▸ EXERCISE BRIEF
With the images removed, write out each record exactly as given.
### SUPPLIED MATERIAL ###
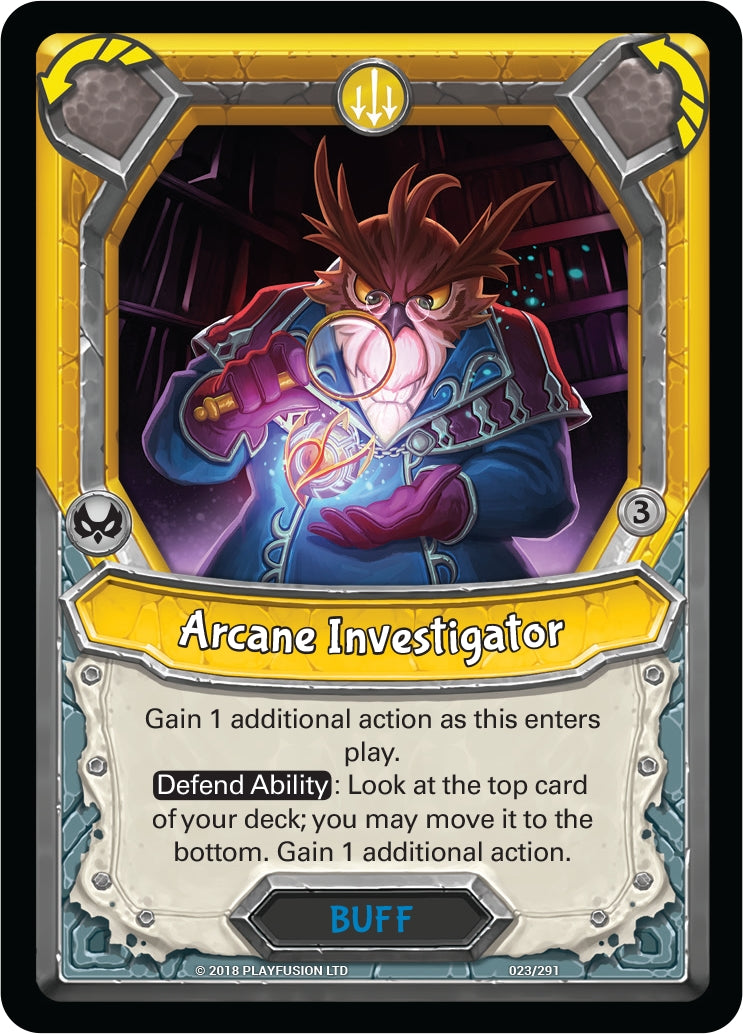 Image for Arcane Investigator (Unclaimed) [Kindred]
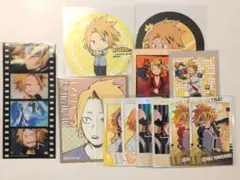 ヒロアカ　上鳴電気　１２点まとめ売り　フィルムマーカー　コースター　スナマイ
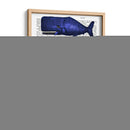 Familia De Ballenas Azules - Fab Funky | Cuadro decorativo de Canvas Lab
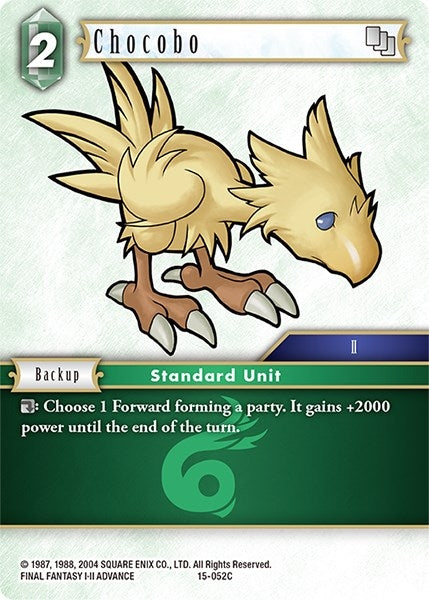 Chocobo (15-052C) [15]
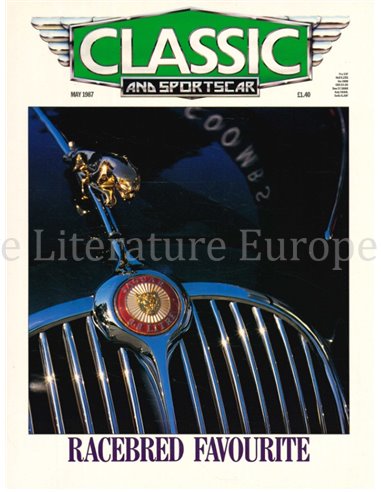 1987 CLASSIC AND SPORTSCAR MAGAZINE (05) MAY ENGLISH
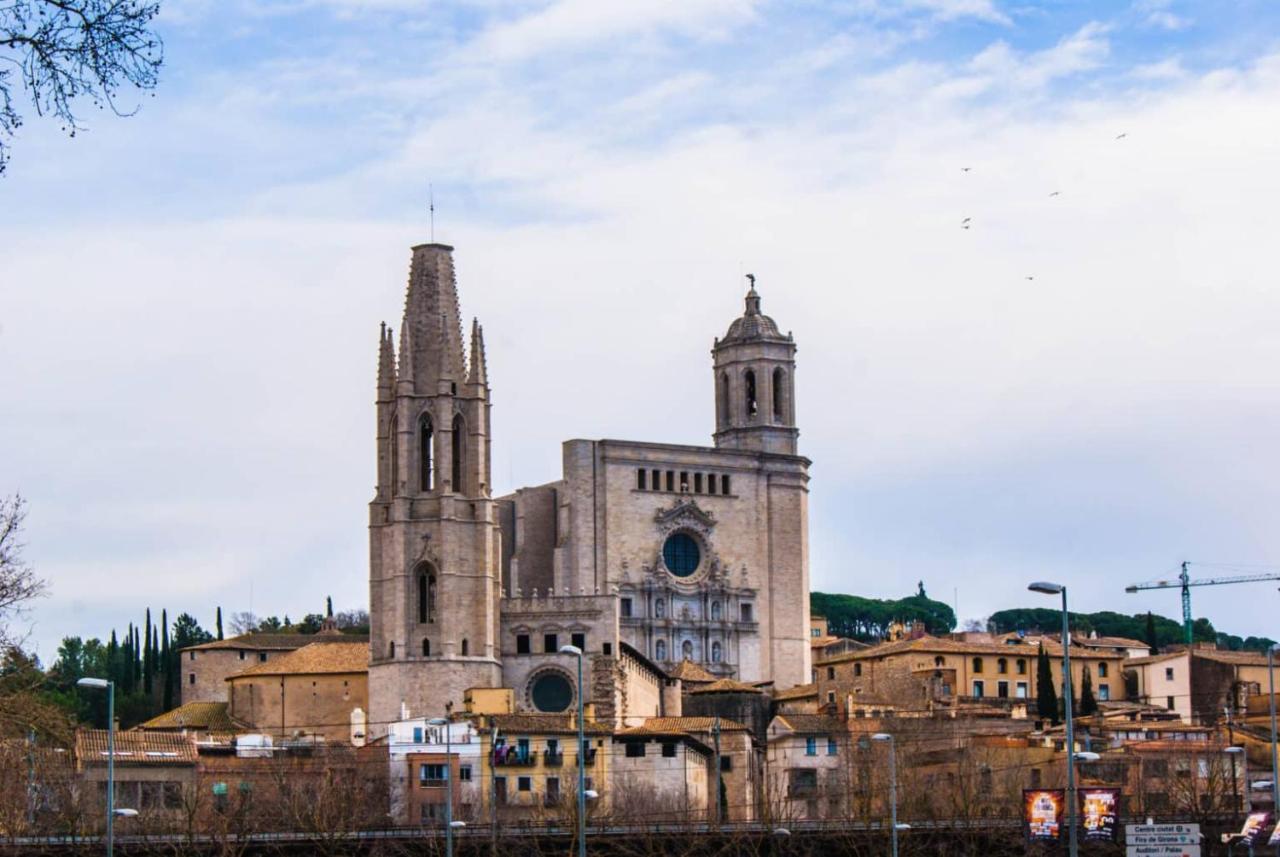 Girona Santa Clara Apartman Kültér fotó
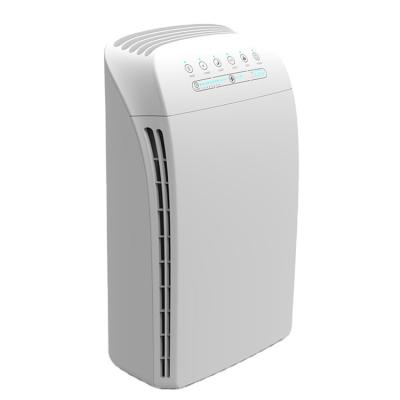 China 2020 New UV-C Lamp Touch Control Household UV Air Purifier With Humidifying Function for sale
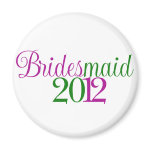 Bridesmaid Refrigerator Magnet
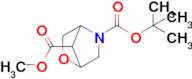 5-(tert-Butyl) 7-methyl 2-oxa-5-azabicyclo[2.2.1]heptane-5,7-dicarboxylate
###
▸ ANSWER
 Image for Arcane Investigator (Unclaimed) [Kindred]
 ヒロアカ　上鳴電気　１２点まとめ売り　フィルムマーカー　コースター　スナマイ
 Familia De Ballenas Azules - Fab Funky | Cuadro decorativo de Canvas Lab
 Chocobo (15-052C) [15]
 1987 CLASSIC AND SPORTSCAR MAGAZINE (05) MAY ENGLISH
 Girona Santa Clara Apartman Kültér fotó
 China 2020 New UV-C Lamp Touch Control Household UV Air Purifier With Humidifying Function for sale
 Bridesmaid Refrigerator Magnet
 5-(tert-Butyl) 7-methyl 2-oxa-5-azabicyclo[2.2.1]heptane-5,7-dicarboxylate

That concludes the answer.